Reputation: 25
I have a series of data frames looking like this one below:
> head(df_maxima, 10)
t distance_max intesity_max s_n_max
1 4.034 49.706 1979.922 2.251441
2 4.244 49.706 2008.562 2.269629
3 8.068 77.321 2248.527 2.388716
4 8.278 77.321 2255.795 2.389224
5 12.102 99.412 2330.322 2.512899
6 12.312 99.412 2327.884 2.517018
7 16.136 121.504 2348.834 2.541273
8 16.346 121.504 2348.147 2.539562
9 20.170 138.073 2309.776 2.583442
10 20.380 138.073 2307.124 2.579166
> tail(df_maxima, 10)
t distance_max intesity_max s_n_max
139 280.653 331.375 1213.470 1.296612
140 280.863 331.375 1218.176 1.310372
141 284.687 331.375 1226.017 1.304955
142 284.897 331.375 1228.822 1.309873
143 288.721 325.852 1233.728 1.338480
144 288.930 325.852 1239.651 1.339542
145 292.754 325.852 1240.988 1.342206
146 292.965 325.852 1243.669 1.347340
147 296.789 325.852 1244.913 1.347174
148 296.999 325.852 1250.809 1.350358
I want to plot my data so that the fill of the dots is based on the value in the column s_n_max. I also want the colors that are matched to certain value intervals of s_n_max to be consistent across different data frames and so different graphs, in order to be able to compare visually the graphs. This seems to be a problem as the values of s_n_max can be different in different data frames, so in one data frame s_n_max values can range between 1.5 and 2.5, while in another data frame the values of s_n_max can range between 0.5 and 2 or 5.

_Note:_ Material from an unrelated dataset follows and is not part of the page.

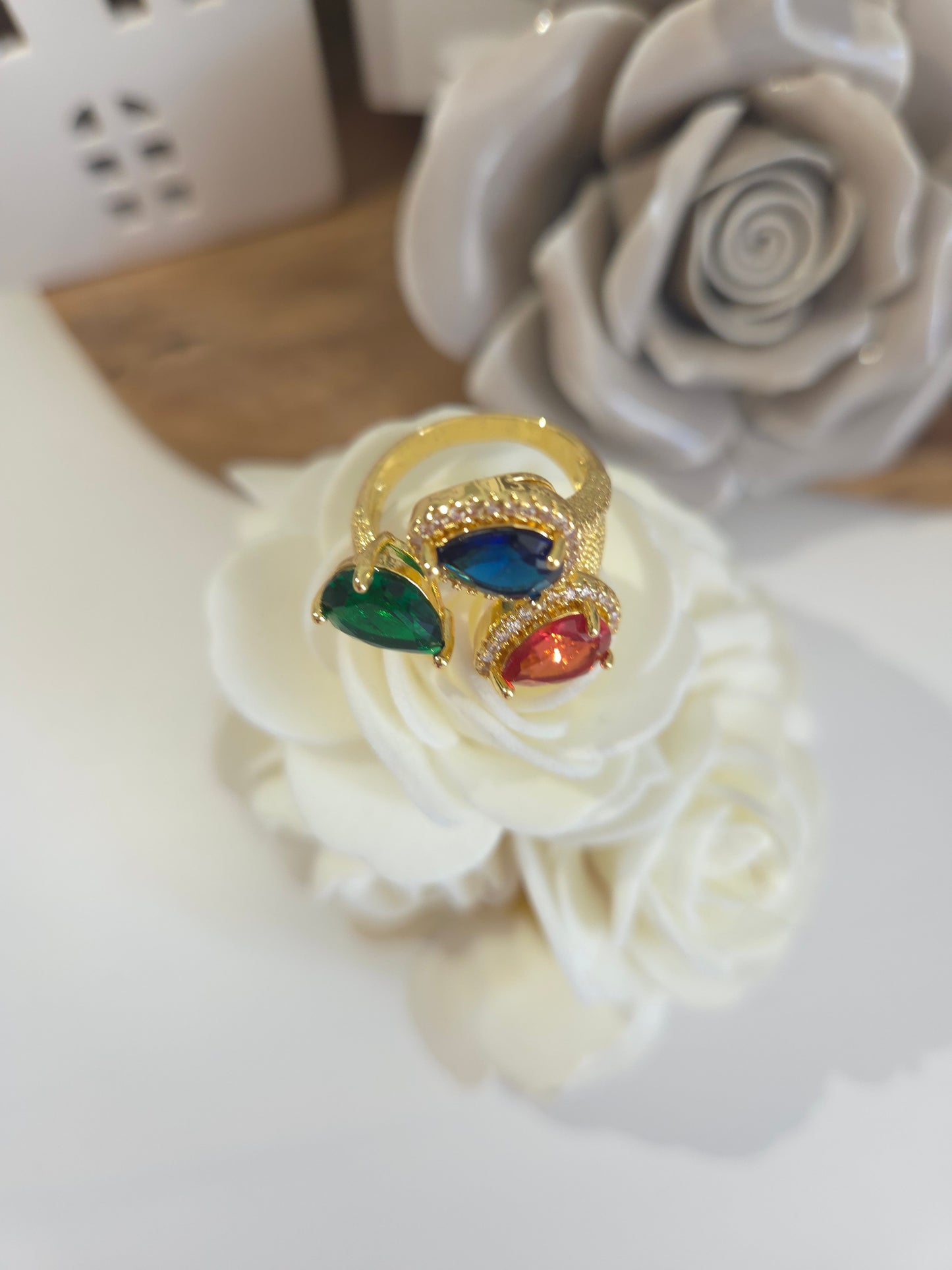Bague Sabrina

I would like the colors of the scale to be assigned stably to 4 classes of values of s_n_max (s_n_max < 1, 1<= s_n_max < 1.5, 1,5 <= s_n_max < 2, s_n_max >= 2), and to stick to this color-range of values assignment even if the s_n_max in a certain data frame misses certain values.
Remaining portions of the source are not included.